The spectacle we witness on the global economic stage today is not a transient turbulence but the "chronicization" of crisis.
Oil prices, currently hovering between $110-$115, are a tangible manifestation of this prophecy, reflecting a new, elevated threshold compared to pre-crisis levels. This indicates that inflation is now a complex issue of "trust and cost," not just an excess of money. Consequently, relying solely on interest rates to manage profound supply shocks and chronic uncertainty is a flawed strategy. While interest rates cannot halt wars, prudent economic management is essential to weather these crises.

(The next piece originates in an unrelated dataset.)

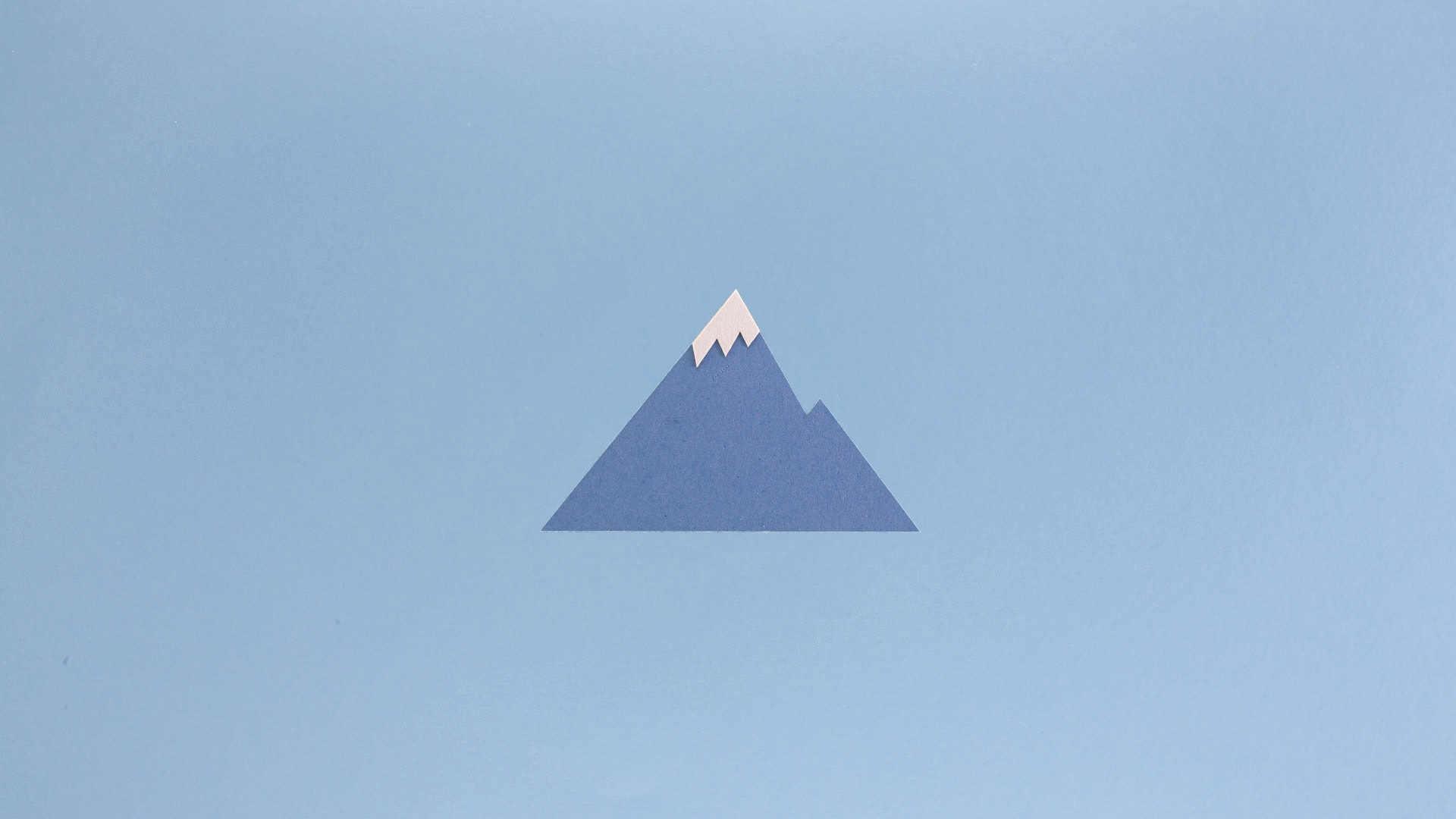 Blue paper mountain on light blue backgroun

The recent signals from G-10 central banks, including Australia's rate hike and warnings from Norway and New Zealand, suggest that the "wait-and-see" approach is merely a prelude to further action, highlighting the delicate balance between caution and decisive economic stewardship.
Much like the experience in the Russia-Ukraine corridor, every so-called "temporary" tremor is now embedding itself into the systemโs genetic code.